Geoff Selby

Personal information
- Full name: Geoffrey Lazarus Selby
- Born: 11 April 1965 Sydney, New South Wales, Australia
- Died: 13 February 1989 (aged 23) Cronulla, New South Wales, Australia

Playing information
- Position: Lock
Club
| Years | Team | Pld | T | G | FG | P |
| 1984–85 | Illawarra Steelers | 39 | 9 | 0 | 0 | 36 |
| 1986–88 | St. George Dragons | 44 | 4 | 0 | 0 | 16 |
| 1986–87 | Salford | 8 | 6 | 0 | 0 | 24 |
|  | Total | 91 | 19 | 0 | 0 | 76 |
- Source: Whiticker/Hudson

= Geoff Selby =

Australian rugby league footballer

Geoffrey Lazarus Selby (11 April 1965 – 13 February 1989) was an Australian rugby league footballer who played in the 1980s.

==Career==
Geoff Selby was of Jewish descent. He was a promising junior player at James Cook High School at Kogarah, New South Wales, and on the recommendation of his teacher, Brian Smith, he joined the Illawarra Steelers for two seasons in 1984–1985. Selby was also a member of the 1983 Australian Schoolboys team.

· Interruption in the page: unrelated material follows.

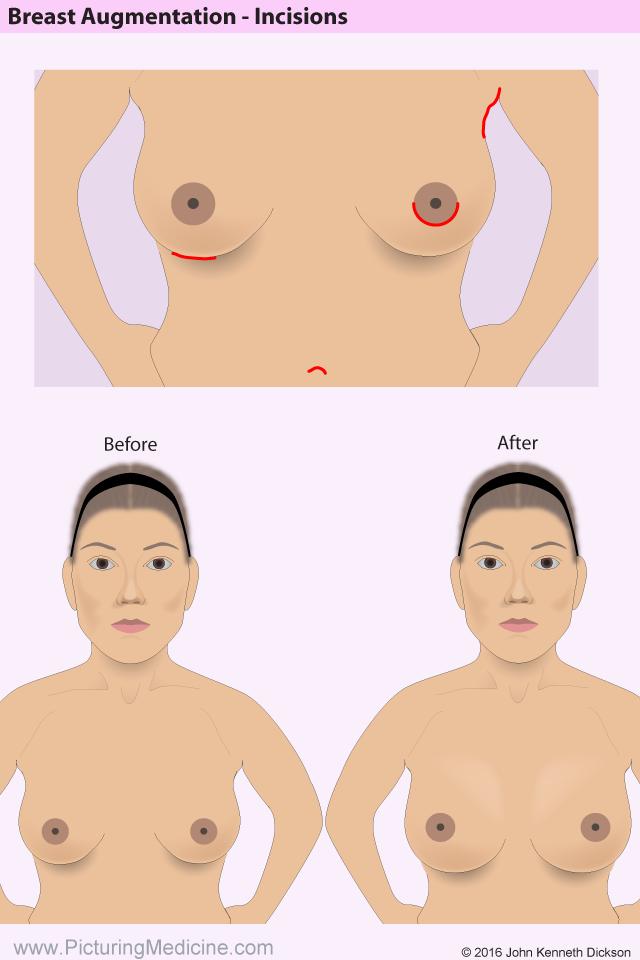 Your surgeon will examine your breasts, and may take some photographs for your medical records.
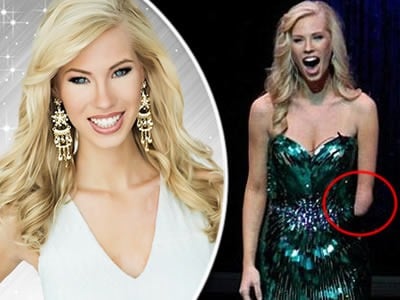 Nicole Kelly sa narodila bez ľavého predlaktia, no napriek životnému hendikepu v sobotu triumfovala na Miss Iowa 2013.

Selby then moved to the St. George Dragons. A promising lock forward, Selby was placed under the personal guidance of the legendary Johnny Raper. The community was deeply saddened by Selby's premature death just before the start of the 1989 NSWRL season.

==Death==

Geoff Selby was killed in a car accident on 13 February 1989 when a car he was traveling in hit a tree on Burraneer Bay Road, Cronulla at 2.30am. Selby was not the driver. Two other St. George Dragons players, Peter Gentle and Shaun O'Bryan were also injured in the same accident. He was cremated at Northern Suburbs Crematorium on 16 February 1989, and his wake was held at St. George Leagues Club.

==Accolades==

Geoff Selby was a reserve for the St. George Dragons side that won the 1988 Panasonic Cup.

The St. George Illawarra Dragons annually present the "Geoff Selby Memorial Coach's Award" to recognise the player who is the most valuable during the season.